Ok folks, I don’t know what else to say. I have been running from organization to organization for months on end and having the exact same conversation with leaders everywhere. I know that the vast majority of people with whom I am talking are well-intentioned and even consider yourselves as allies. You genuinely want to create diversity in the workplace. I believe that. Truly. Yet in every instance, the big “aha” is that you are the problem.
Let me rephrase that, your mindset is the problem and you have the power to be the solution.
Recently I sat with a group of leaders representing a variety of geographies but within the same industry. They had just received a report from industry leaders that rated the industry overall as struggling in some way with diversity in the workplace.
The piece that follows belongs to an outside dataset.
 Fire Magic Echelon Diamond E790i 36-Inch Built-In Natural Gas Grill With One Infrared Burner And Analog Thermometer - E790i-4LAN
The measures of success included recruitment, retention, career progression, or lacking a welcoming climate, and spanned many categories: women, underrepresented racial minorities, veterans, people with disabilities, and people who identify as LGBTQ. The respondents rated their industry as rife with challenges, but their own organizations as above average.
When comments were shared about barriers that prevented more advancement with their diversity in the workplace initiatives, external variables were identified as “the culprit.” Things like: “We can’t hire more people from underrepresented racial and ethnic groups because we are in New York City, and it’s too expensive for people to choose to move here.” Or, “People of color do not want to live in Omaha, Nebraska, because we don’t have enough diversity here to here to constitute a community.” Interestingly, there is no evidence that was surfaced in this study, that geography plays a major role in keeping people from pursuing an attractive career opportunity. In fact, there was evidence to the contrary.
The mindsets of the respondents seem to be the more glaring barrier. First, the lack of awareness about their organizations’ cultures related to diversity and inclusion is a major concern. Second, the mindset of leaders that assigns blame to external factors for not achieving organizational goals is really, really concerning. Neither is it surprising, but as long as barriers are “out there” then we may never internalize the fact that our results may be in response to choices we ourselves have made.
Shifting Our Mindset
Diversity efforts in organizations fail because we use the same cognitive models to implement them that created the problem in the first place. Most diversity programs are built on one of two cognitive models—the Diversity Model or the Deficit Model. These models, or cognitive paradigms, are commonly referenced in literature that focuses on drawing attention to limitations of current systems and suggesting more progressive approaches to enhancing student experiences in K-12 and higher education.
The Diversity Model is the traditional paradigm from which most diversity programs got their start. It focuses on increasing representation. Programmatic efforts garner a lot of visibility but fall short of reaching organizational goals. It is the go-to model for organizations that assume that the answer is to increase representation through the pursuit of strict numeric targets.
The Deficit Model is the belief, often unconscious and unexamined, that people in non-dominant groups have less ability to be successful and require special accommodations on behalf of the dominant group to allow them full participation.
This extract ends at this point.